Curtis Dahlgren
Bracing for College Orientation Week, part II (another best of)
By Curtis Dahlgren
"We OWN this country; not you [lawyer-politicians]." – Clint Eastwood
"Send me men to match my mountains." – capitol complex, Sacramento
THOSE KINDS OF MEN SEEM TO BE MISSING IN AMERICA. As a "laboratory experiment," the bankrupt state of California is the end-product of a system of Higher Education that has been out of control ever since S.I. Hayakawa left it. The protesters who used to sit in the gutters of the street now seem to be sitting on the benches of courts and legislatures. Even the U.S. Supreme Court could soon be run by people whose only real qualification is knowing the politically-correct definition of "empathy" (go along to get along).
Ralph Waldo Emerson said, "Whoso would be a man must be a nonconformist . . . What I must do is all that concerns me, not what people think."
Years ago, a college professor in Chicago used to tell his students on the first day of class that their goal should be to become really educated – and that they could not consider themselves really educated unless they could answer "yes" to the following questions:
- "Can you look an honest man or a pure woman straight in the eye?"

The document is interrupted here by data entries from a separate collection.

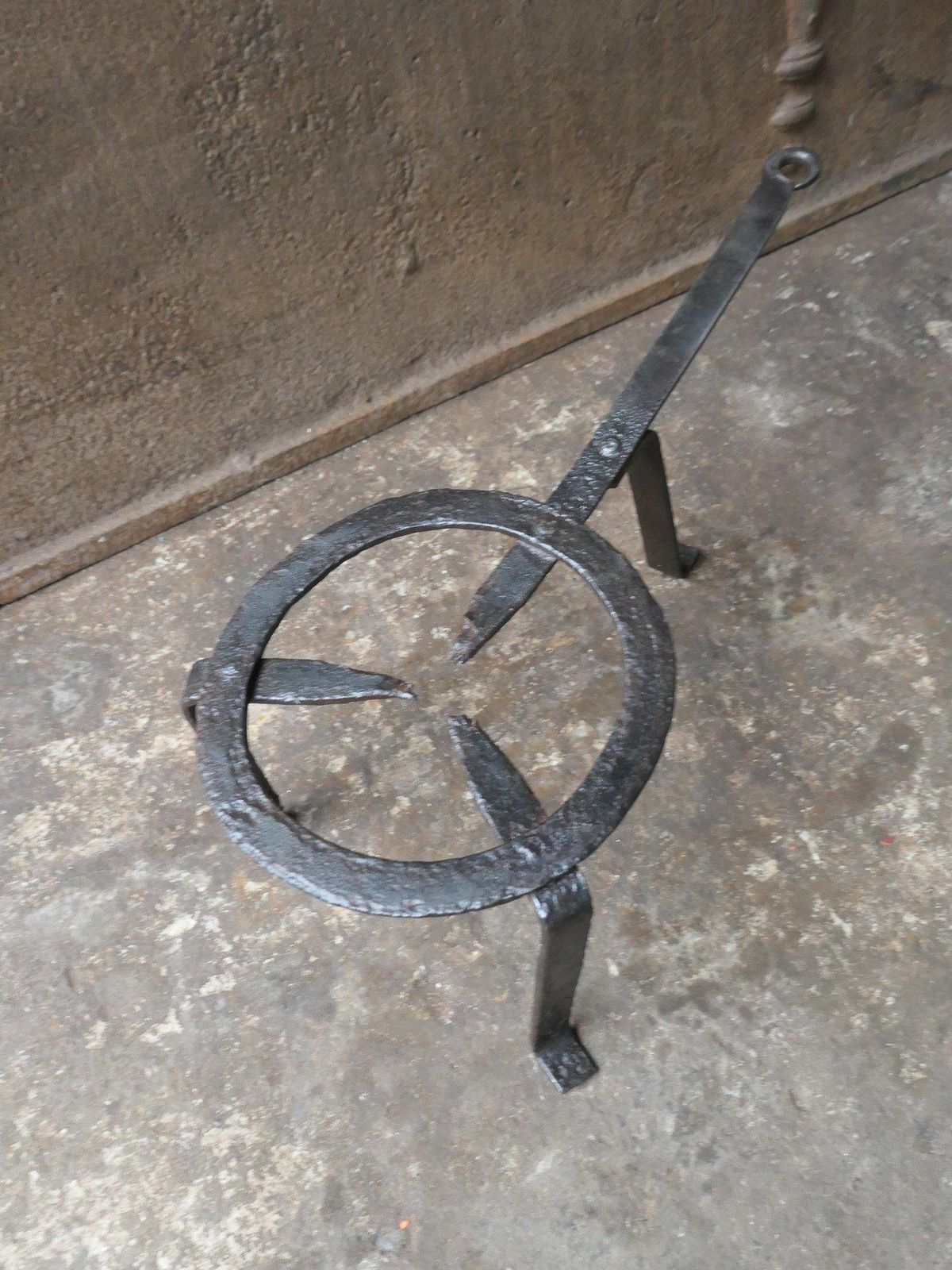 Large French Early 19th Century Neoclassical Period Trivet photo vintage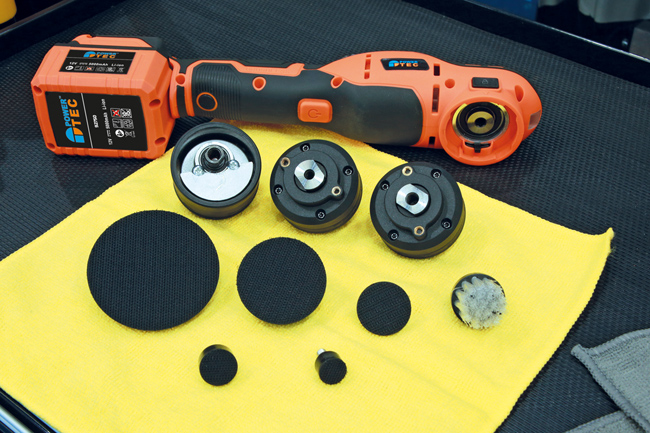 Power-TEC 92750 Multi-Head Cordless Polisher Kit - 12V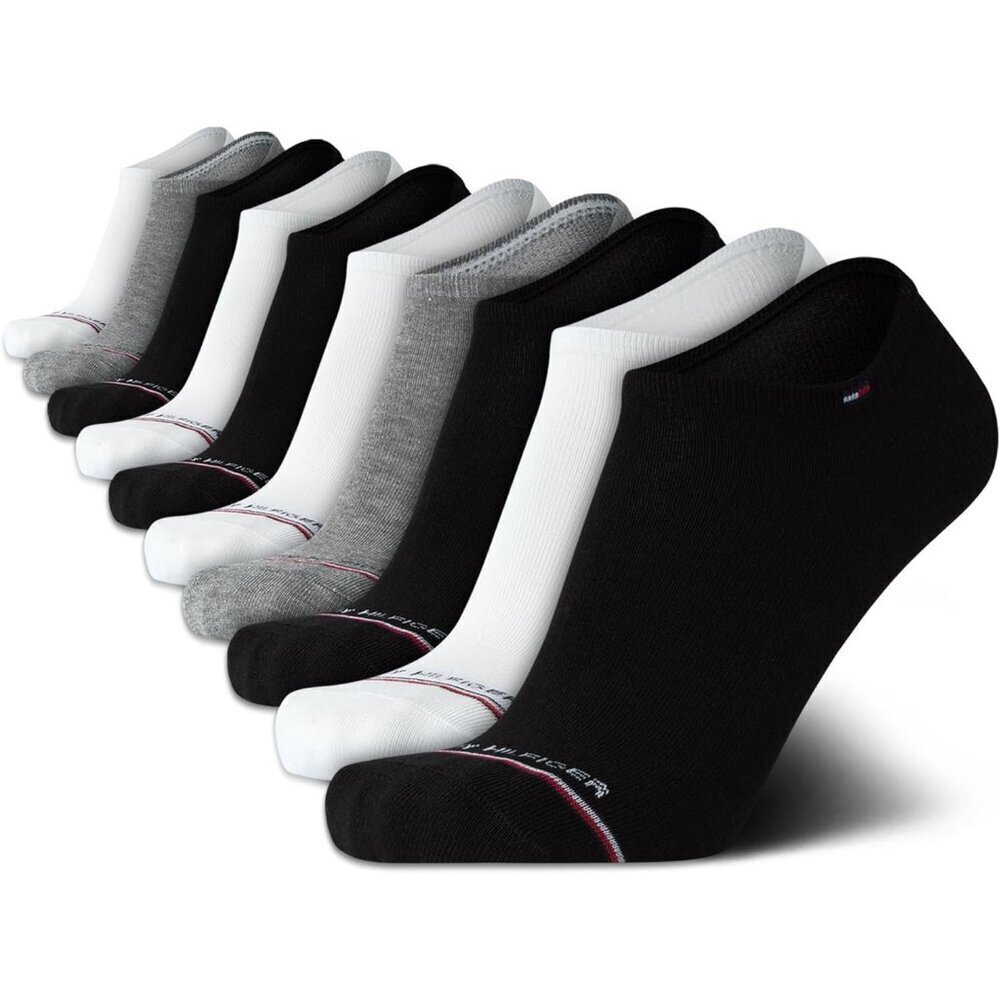 🆕Men Black White Grey 10Pack Cotton Blend Stretch Athletic Invisible Liner Sock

- "Will a lonely dog follow you down the street?"
- "Do you think washing dishes or hoeing corn is as compatible with high thinking as piano playing or golf?"
- "Could you be happy alone?"
- "Can you look into the sky at night and see beyond the stars?" **
[excerpted from "Leaves of Gold," 11th edition (subtitled "An Anthology of Prayers, Memorable Phrases, Inspirational Verse and Prose from the Best Authors of the World, Both Ancient and Modern")]
MAYBE if we had more good "Prose" in our lives, we wouldn't need so much Prozac or so many sleeping pills. Many tears have been shed since we stopped looking "beyond the stars." If tears were "telescopes," September 11, 2001 should have brought God into very sharp focus, but instead, our "popular culture" and the media have moved us totally in the opposite direction.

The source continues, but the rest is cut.